* Dataset entries *
________________
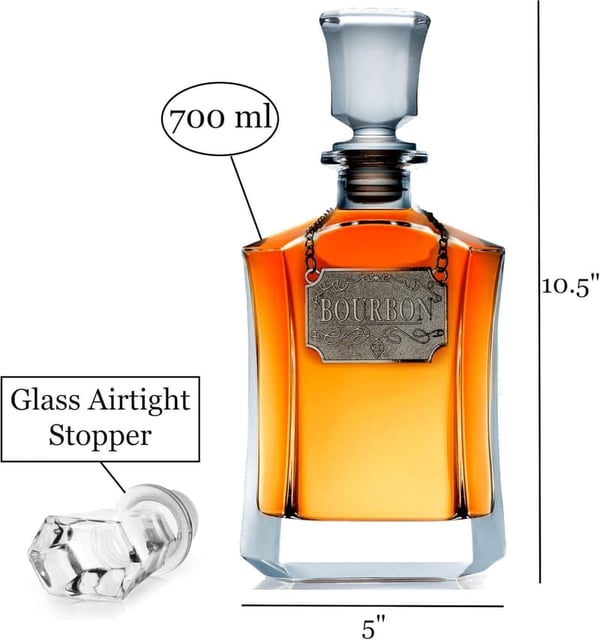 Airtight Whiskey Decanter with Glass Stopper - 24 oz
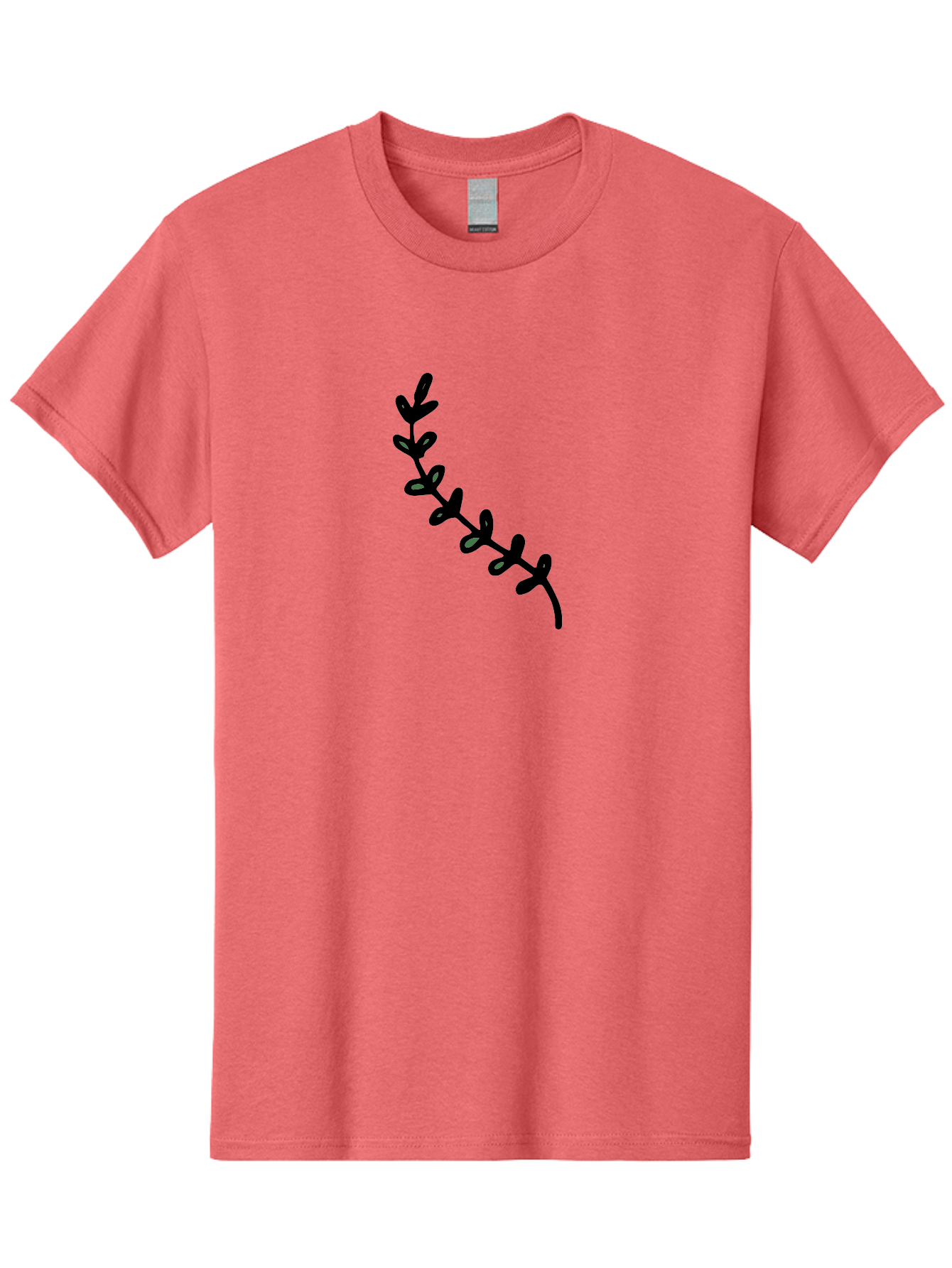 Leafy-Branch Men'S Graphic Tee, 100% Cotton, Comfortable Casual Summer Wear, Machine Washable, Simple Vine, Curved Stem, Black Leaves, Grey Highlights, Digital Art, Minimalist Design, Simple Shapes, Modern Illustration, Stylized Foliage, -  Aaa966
________________
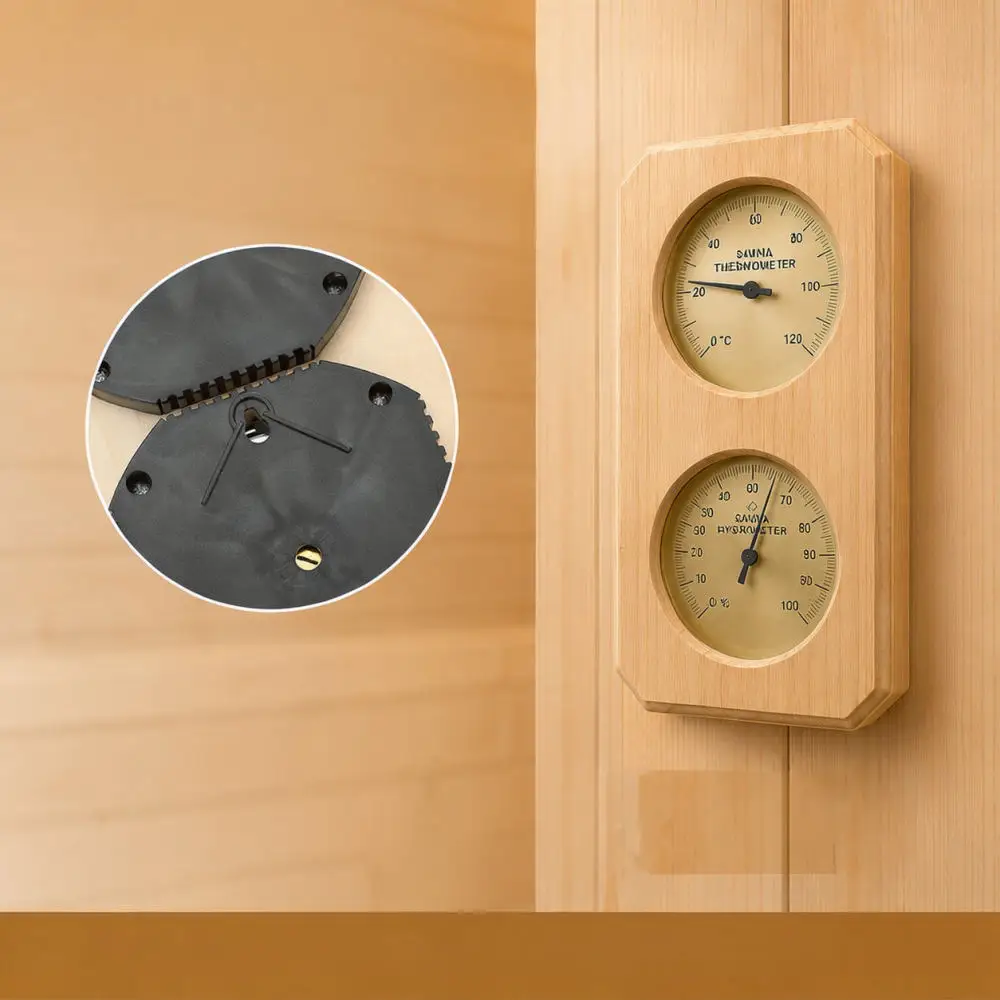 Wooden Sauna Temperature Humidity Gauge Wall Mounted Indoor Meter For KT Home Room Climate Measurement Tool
________________
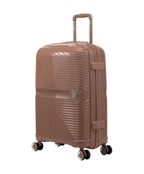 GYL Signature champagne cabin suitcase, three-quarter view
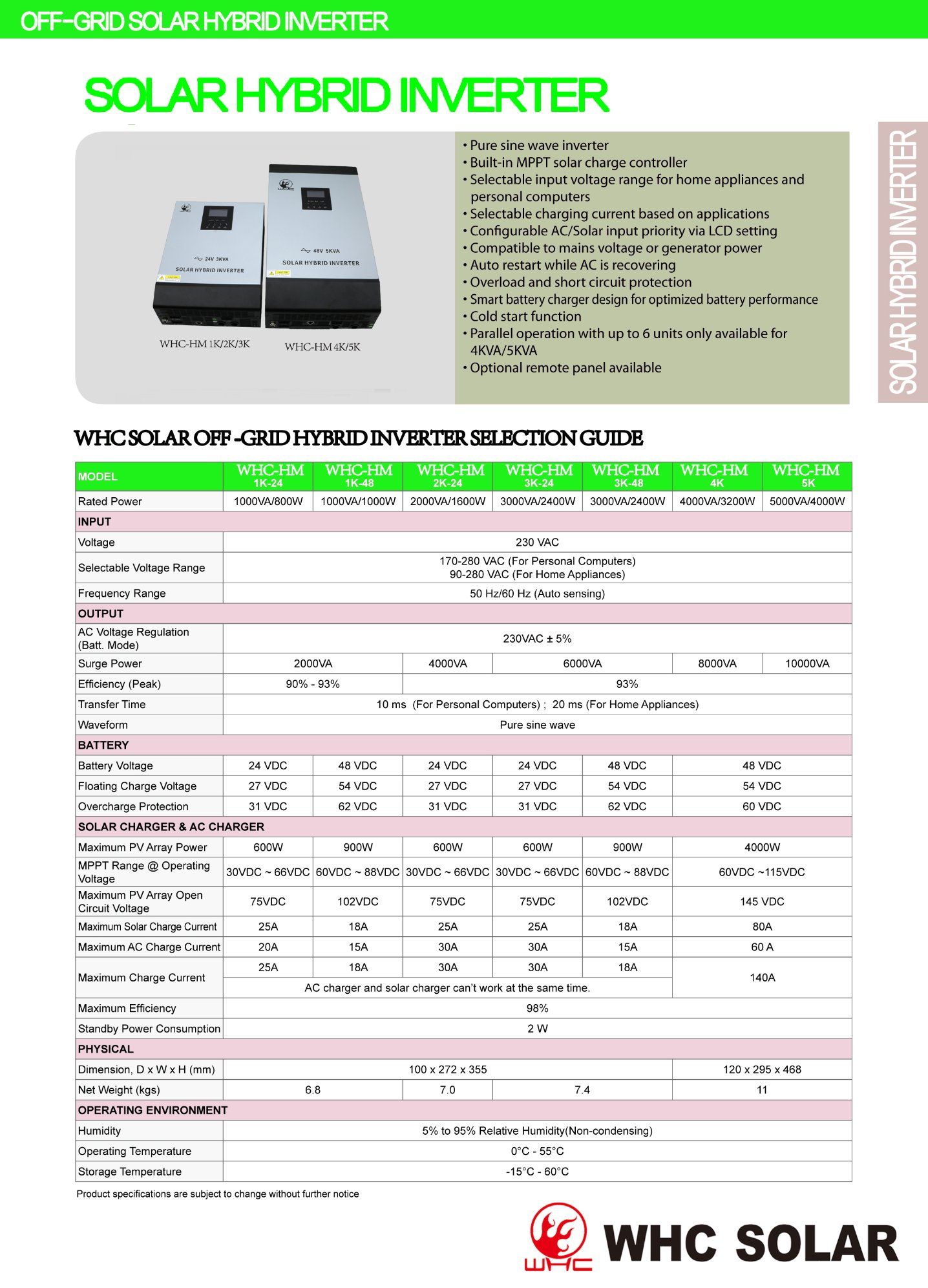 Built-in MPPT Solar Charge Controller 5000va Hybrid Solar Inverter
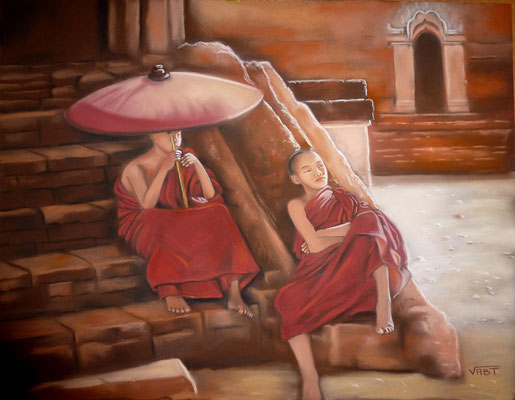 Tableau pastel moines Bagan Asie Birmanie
________________
Return exactly the part of the listing above that opens with the line containing "Airtight Whiskey Decanter" and closes with the line containing "Leafy-Branch Men'S Graphic". Pictures stay out.

* Finished task *
 Airtight Whiskey Decanter with Glass Stopper - 24 oz
 Leafy-Branch Men'S Graphic Tee, 100% Cotton, Comfortable Casual Summer Wear, Machine Washable, Simple Vine, Curved Stem, Black Leaves, Grey Highlights, Digital Art, Minimalist Design, Simple Shapes, Modern Illustration, Stylized Foliage, -  Aaa966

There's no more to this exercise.